EXERCISE AIM –
From the line containing "Boucles d’Oreilles Colibri" to the end of the data, retype every line exactly and nothing else. Drop the pictures.

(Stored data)
^^^^^^^^
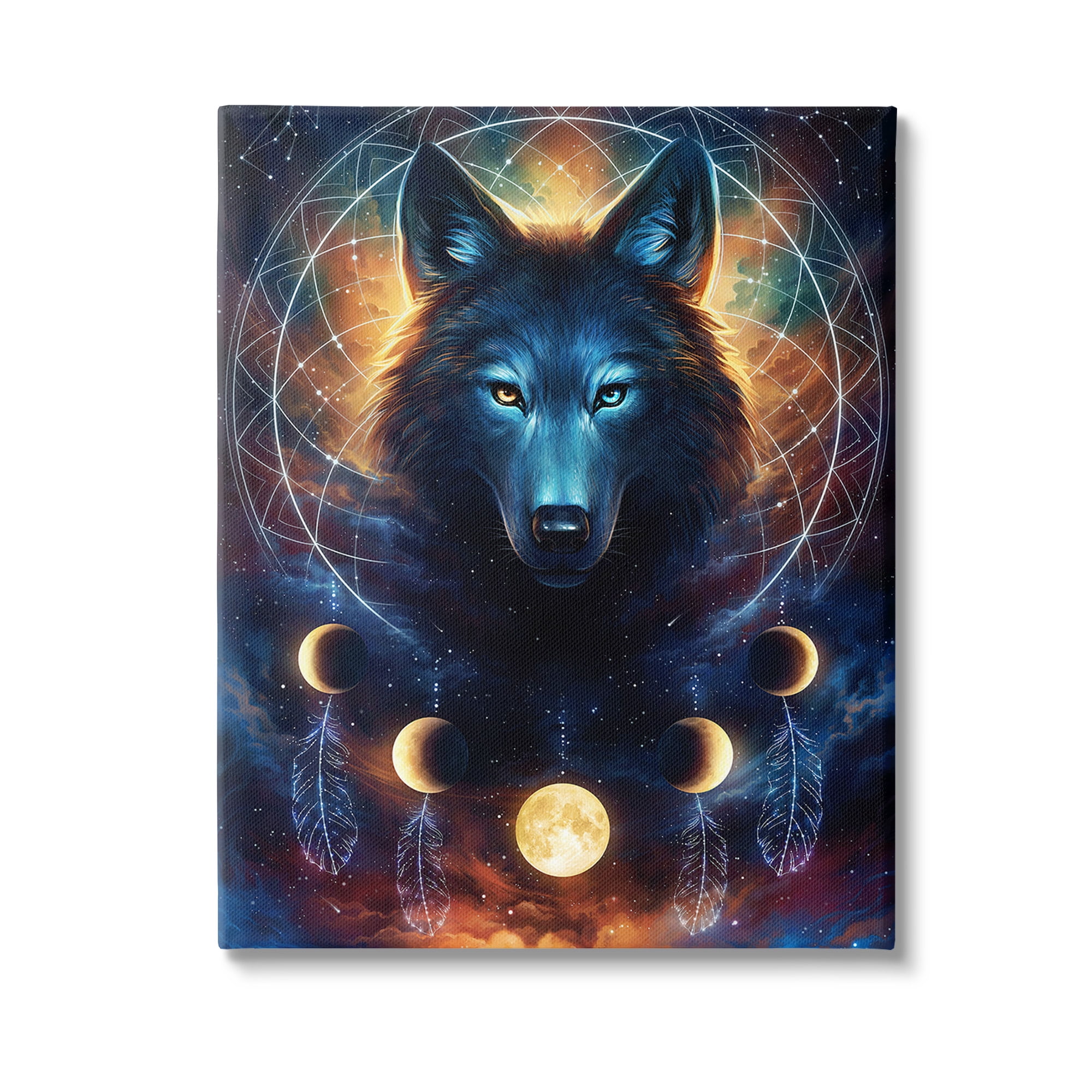 Stupell Industries Lunar Wolf & Galaxy Animals & Insects Painting Gallery Wrapped Canvas Art Print Wall Art, 30 x 40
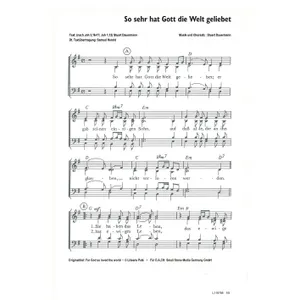 Produktbild des Artikels So sehr hat Gott die Welt geliebet (Noten - Download)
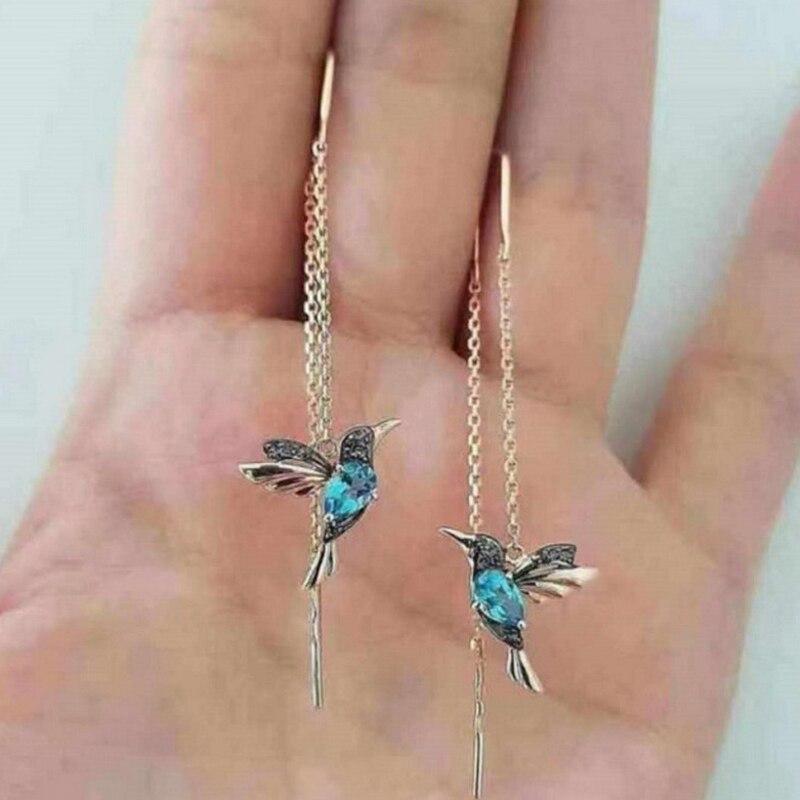 Boucles d’Oreilles Colibri Serties de Zircons et d’Émail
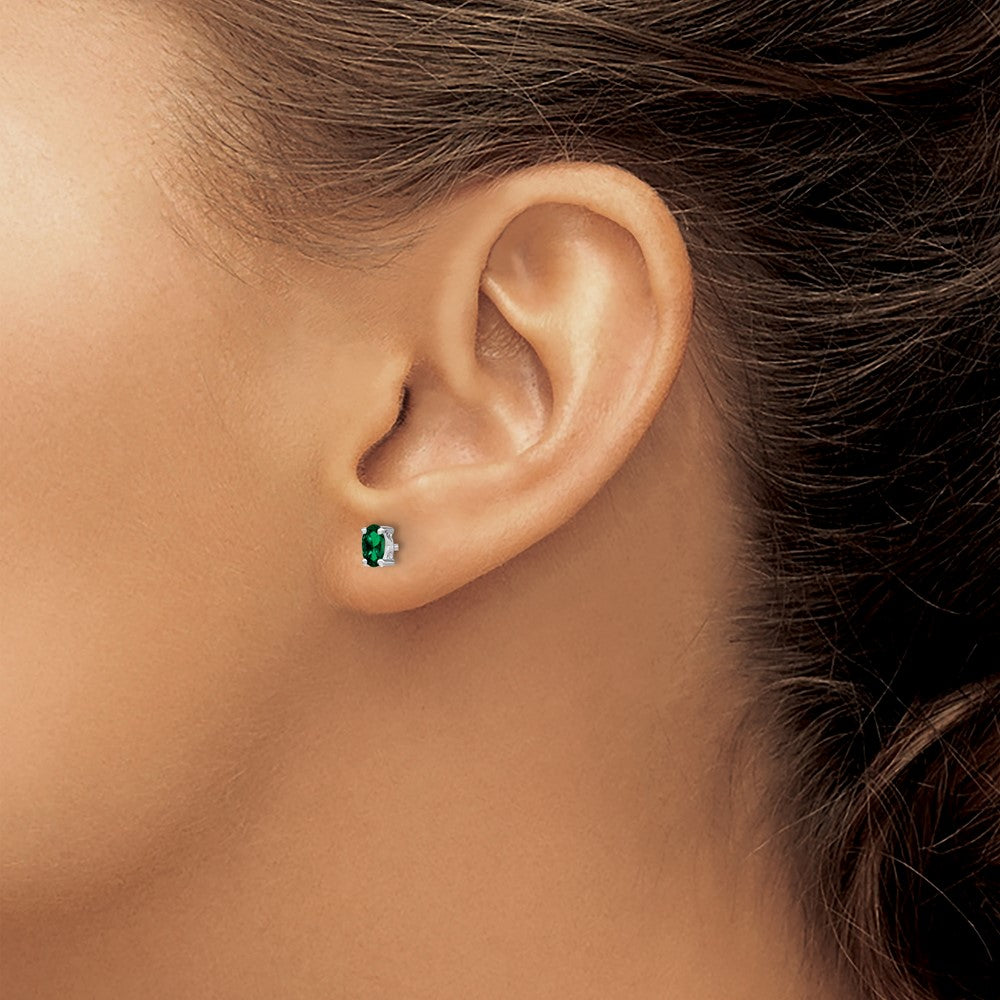 Sterling Silver Rhodium-plated 5x3mm Oval Created Emerald Post Earrings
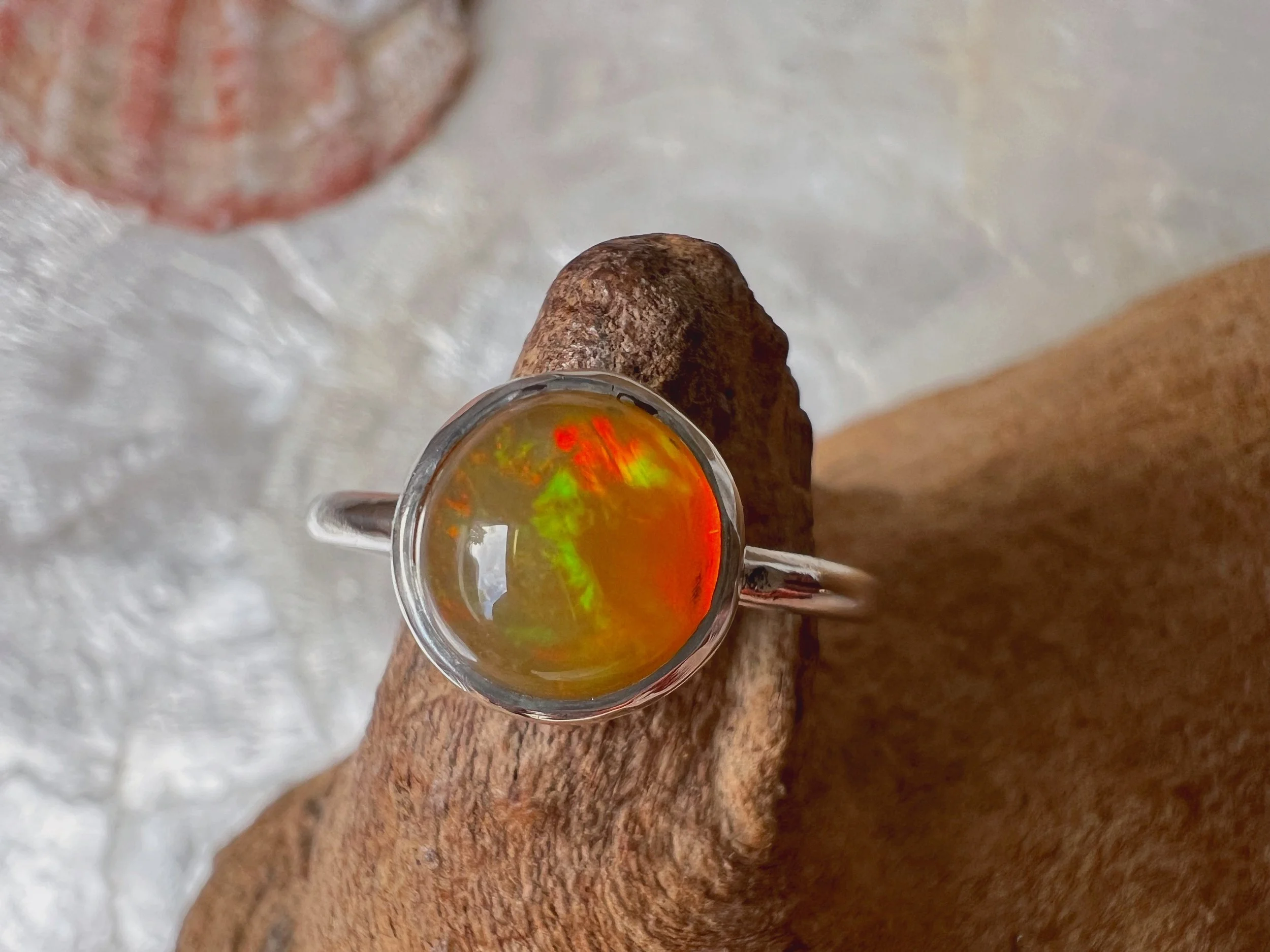 opal and silver ring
^^^^^^^^
EXERCISE RESPONSE –
 Boucles d’Oreilles Colibri Serties de Zircons et d’Émail
 Sterling Silver Rhodium-plated 5x3mm Oval Created Emerald Post Earrings
 opal and silver ring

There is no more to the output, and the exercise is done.